Ponadto należy stwierdzić, iż zgodnie z Regulaminem nr 87 Europejskiej Komisji Gospodarczej Organizacji Narodów Zjednoczonych (EKG ONZ) – jednolite przepisy dotyczące homologacji świateł jazdy dziennej przeznaczonych dla pojazdów o napędzie silnikowym, światła do jazdy dziennej (dwa) oznaczają oświetlenie skierowane do przodu, stosowane w celu poprawy widoczności pojazdu w czasie jazdy w dzień. Powinny one być oznaczone dodatkowym symbolem „RL”. Światłość każdego ze świateł do jazdy dziennej nie może być wynosi mniej niż 400 cd (kandela – jednostka światłości) w osi odniesienia oraz najwyżej 1200 cd w dowolnym kierunku, z którego jest widoczne. Światło posiadające więcej niż jedno źródło światła (tzw. paski świetlne) musi spełniać wymóg minimalnej światłości w przypadku awarii jednego ze źródeł światła, a w przypadku gdy światło wysyłane jest ze wszystkich źródeł, nie może być przekroczona światłość maksymalna.
Jakub Sawicki
KMP Elbląg
Montują do samochodów jakieś podróbki chińskie, słabo świecące i jest taki efekt, że samochód i tak jest mało widoczny na drodze. A policjanci na patrolu nie zwracają uwagi na ten stan rzeczy (także nie pouczają elbląskich rowerzystów - kolarzy, że jeżdżą po jezdni mimo, że mają obok jezdni drogę dla rowerzystów).
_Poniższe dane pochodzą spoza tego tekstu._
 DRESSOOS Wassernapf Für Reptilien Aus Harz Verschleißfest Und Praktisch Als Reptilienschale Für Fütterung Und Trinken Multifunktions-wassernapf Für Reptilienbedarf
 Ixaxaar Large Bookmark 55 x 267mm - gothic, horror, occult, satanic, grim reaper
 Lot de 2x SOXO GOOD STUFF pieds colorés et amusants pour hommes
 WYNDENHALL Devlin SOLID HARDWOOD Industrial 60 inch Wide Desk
"W świetle obowiązujących przepisów dopuszcza się montowanie tzw. pasków z diodami" - nie piszcie takich rzeczy, bo już dzisiaj widać amatorów takich pasków, a żaden "pasek" nie posiada homologacji E, tym bardziej oznaczenia RL !
A na zdjeciu nasza medialna policyjna gwiazda :)
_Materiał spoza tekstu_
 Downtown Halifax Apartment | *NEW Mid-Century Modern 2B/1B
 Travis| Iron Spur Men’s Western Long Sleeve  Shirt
Jeżeli droga dla rowerów nie prowadzi w kierunku jazdy rowerzysty, to nie ma on obowiązku korzystania z niej - patrz PoRD art. 33 pkt 1.
maciupichcu - chyba, że droga dla rowerów jest dwukierunkowa.
Ale po co te ledy....? Przecież jeżeli chodzi o zużycie paliwa... to to się zwróci.. mniej więcej wtedy kiedy spodziewana kolizja Drogi Mlecznej z Andromedą.. to wygląda jak lampki choinkowe.. jeżeli komuś chodzi o jakiś efekt wizualny.. i to jest główny powód.
DO ALSK MYŚLISZ O ŻABIE?
to nie żaba a Łysy
Janusze mysla, ze montujac to badziewie ich prestizowa 15 letnia a ""szostkia"" lub wiejski passat bedzie ladniej sie prezentowal. Otoz nie wieje to tandeta na maxa, nie ma to zadnego praktycznego zastosowania. Zmniejszone spalanie paliwa, niby w jaki sposob. Jak i tak typowy Janusz bedzie chcial wyciagnac co sie da, ze swojego zlomu na obwodnicy. Takze panowie nie osmieszajcie sie i nie montujcie tego szajsu :)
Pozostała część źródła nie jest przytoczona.